OT1H, I hear you and agree it is frustrating and very bad UX. OTOH, there is no rug-pull outcome because the board of anything decided to rug-pull API access to AcitvityPub endpoints

That said, I think ActivityPub has only solved the distributed posting identity problem, and has not yet solved the "lemmy.ml shuts down" problem, in that such a thing will not take my ActivityPub identity with it, but will take a lot of the high subscriber communities with it, forcing them to relocate yet again


> Yet find myself doomscrolling much less and being more satisfied than Reddit. Still a small community though…

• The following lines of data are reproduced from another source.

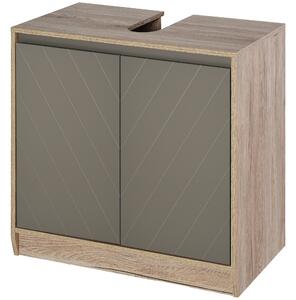 Mobile Sottolavello da Bagno 2 Ante 60x30x60 cm Grigio e Rovere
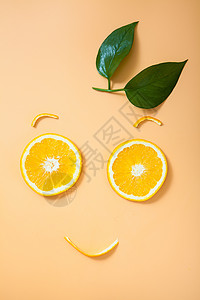 橙子表情水果橙子背景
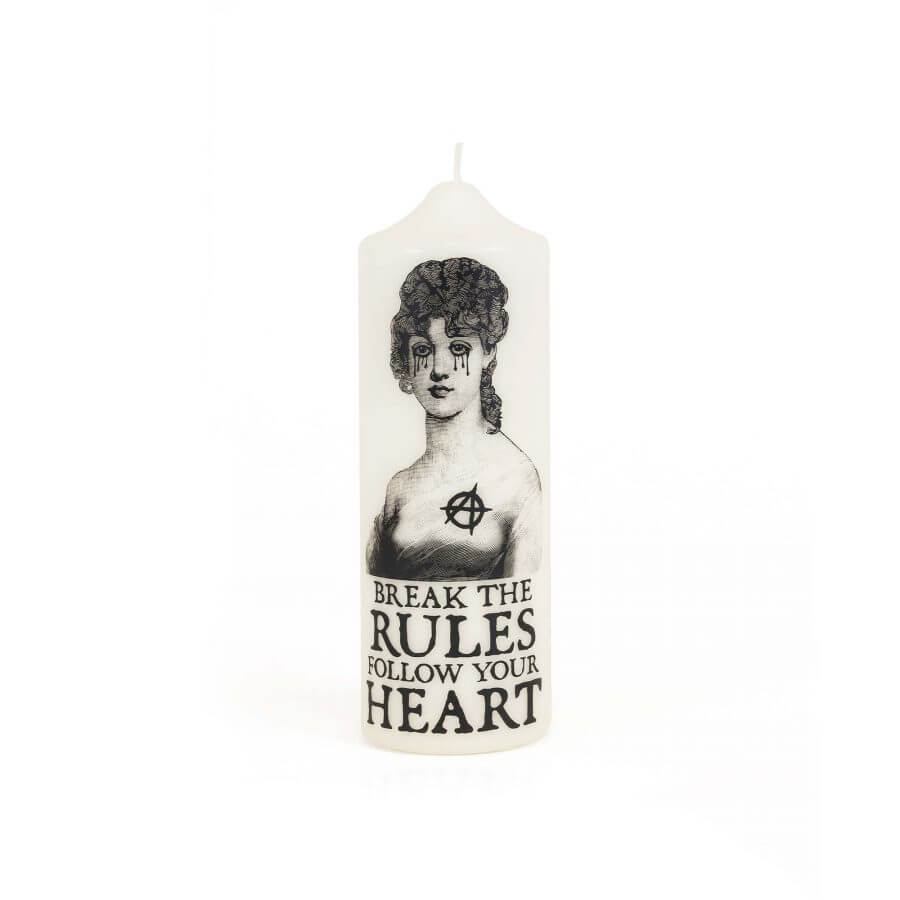 Break The Rules Candela Artistica featuring a vintage design and inspiring message on a pillar candle.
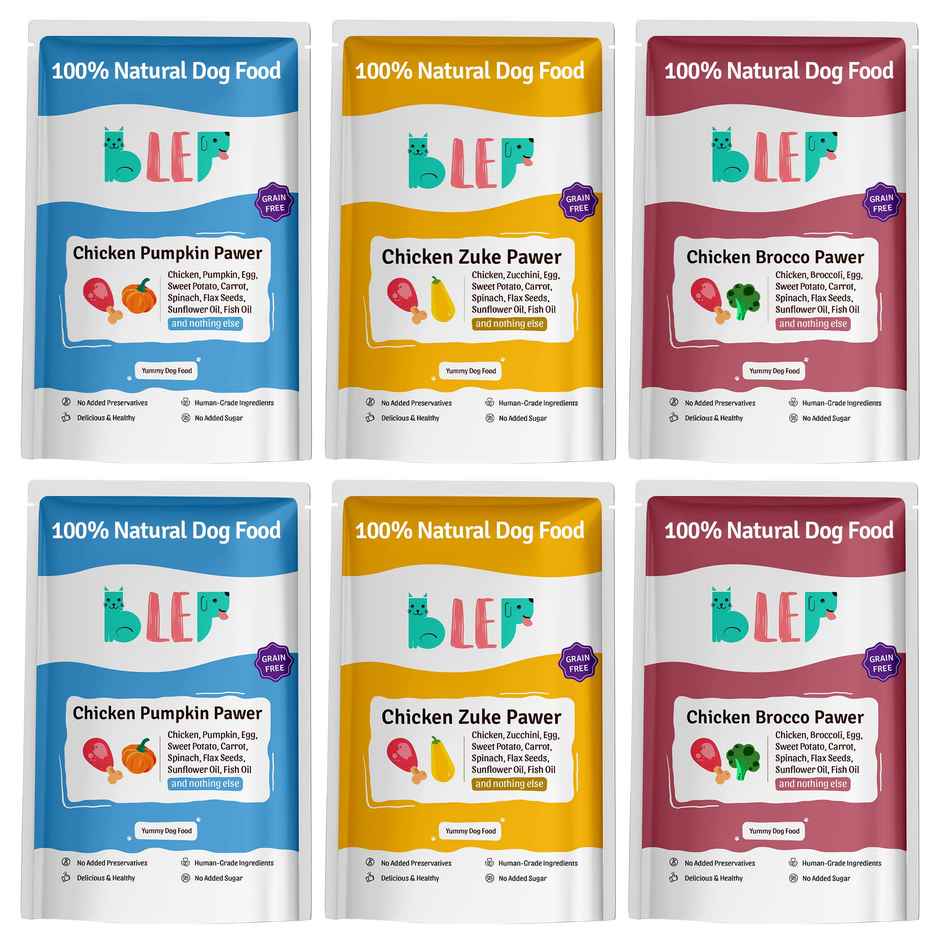 BLEP 100% Natural Dog Food | Chicken Pumpkin, Zucchini, Broccoli | 6 Packs | Zero Preservatives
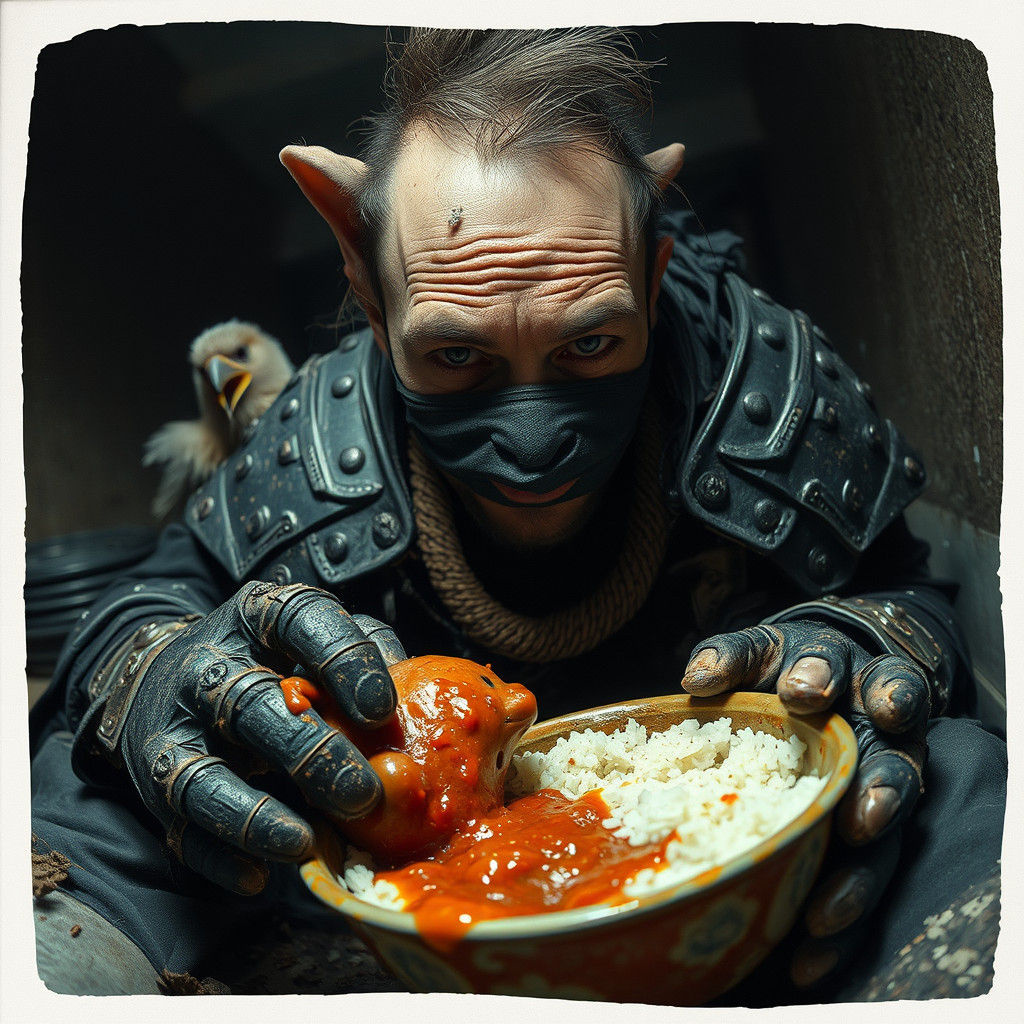 Distorted Polaroid of Hobo Lord with Freaking Bird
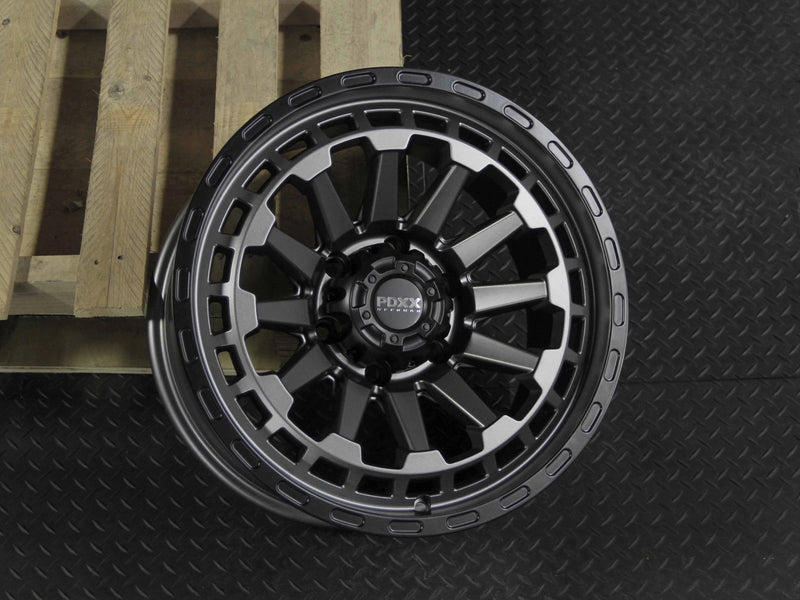 Load image into Gallery viewer, PDXX BEAST 17&quot; 6X139.7 Satin Gunmetal w/Black Ring Wheels+Tyres
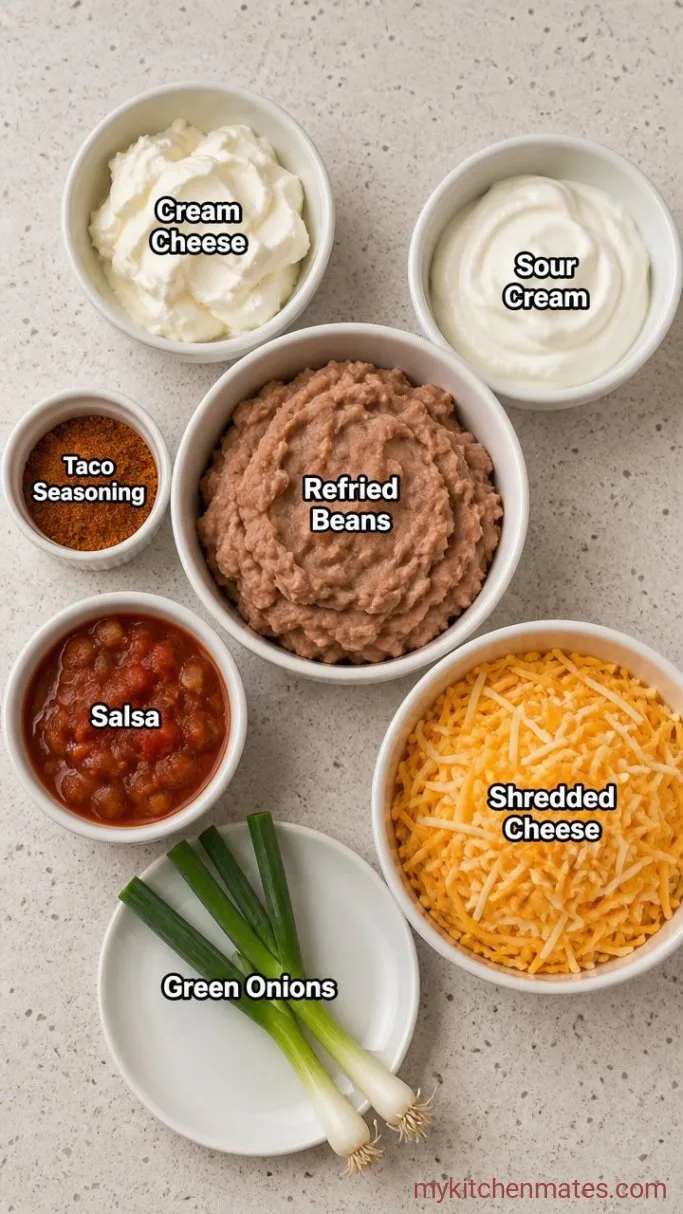 Cheesy Refried Bean Dip Ready in 30 Minutes Ingredients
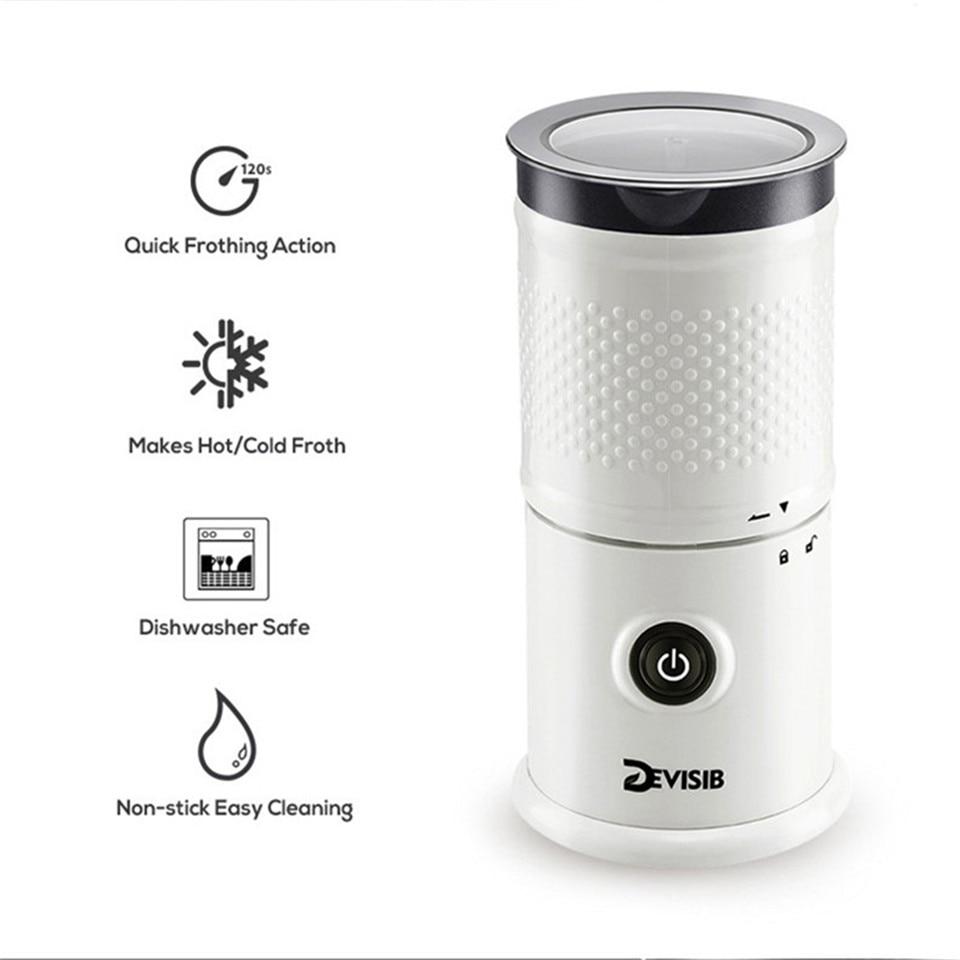 DEVISIB Detachable Milk Frother Electric Steamer Dishwasher Safe for Making Latte Cappuccino Macchiato Warm Milk | Fugo Best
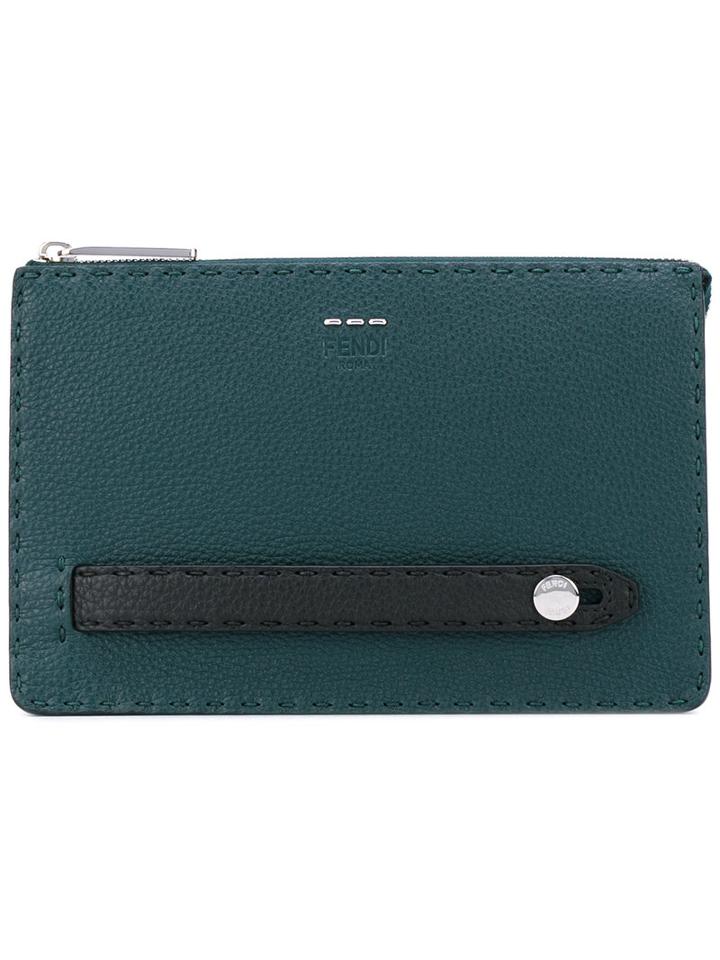 Fendi - Clutch Bag - Men - Calf Leather - One Size, Blue, Calf Leather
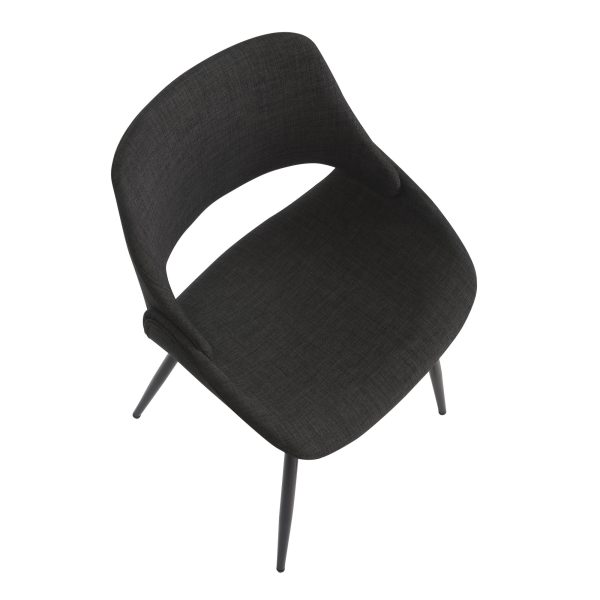Fabrico Mid Century Modern BlackCharcoal Accent Chairs Set of 2 8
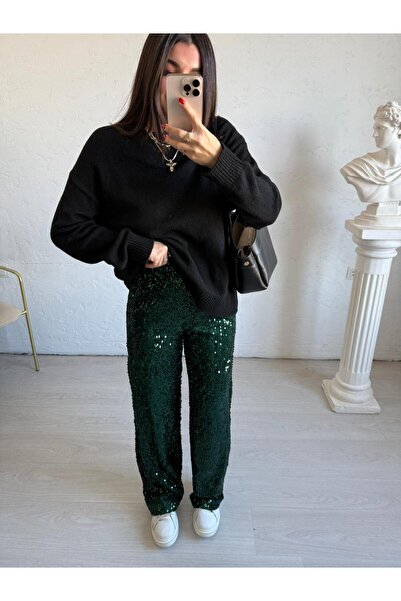 Bade Butik Yeşil Payetli Pantolon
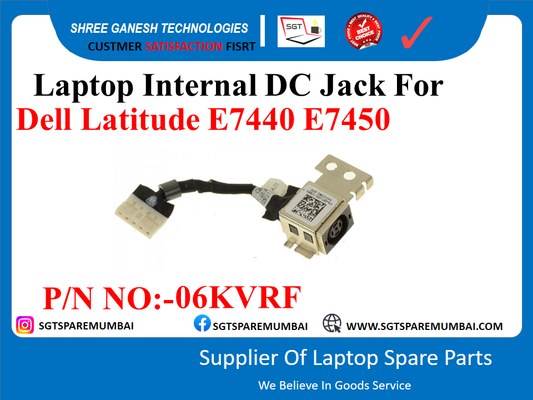 Laptop Internal DC Jack For Dell Latitude E7440 E7450 P/N NO:-06KVRF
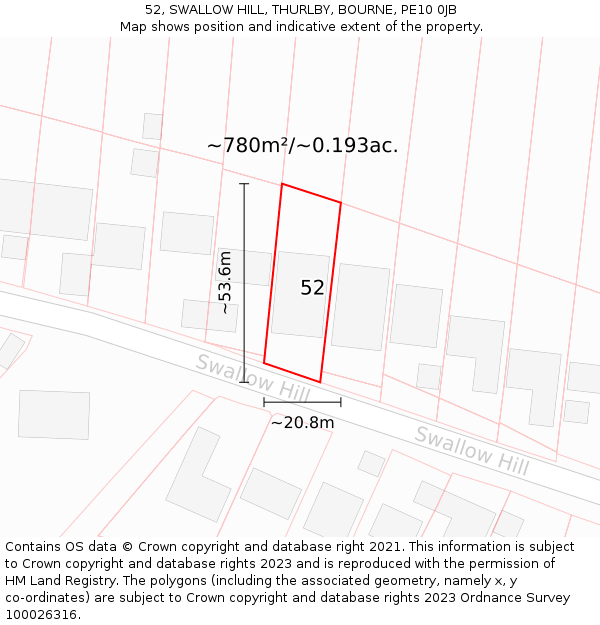 52, SWALLOW HILL, THURLBY, BOURNE, PE10 0JB: Plot and title map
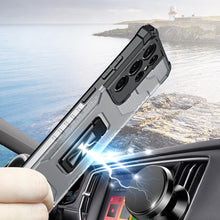 Заредете изображение във визуализатора на галерията – Crystal Ring Case tough hybrid cover + magnetic holder for Samsung Galaxy S22 Ultra blue - TopMag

I think these two things are tightly related. When a platform gets too big, the content trends towards the lowest common denominator, which tends to be content that appeals to our primal fears, anger, and hatred. Lemmy is small enough that the community is still drawn together by something healthier.


> Still a small community though

Lack of content has been my biggest issue with lemmy by far. There's just not enough content right now (once the many topics I have blocked because of zero interest are removed) to sustain my mindless scrolling habit. I frequently find myself at the bottom of the barrel.

I keep hoping that this results in me just wasting less time on the phone/computer, but my addiction is overpowering.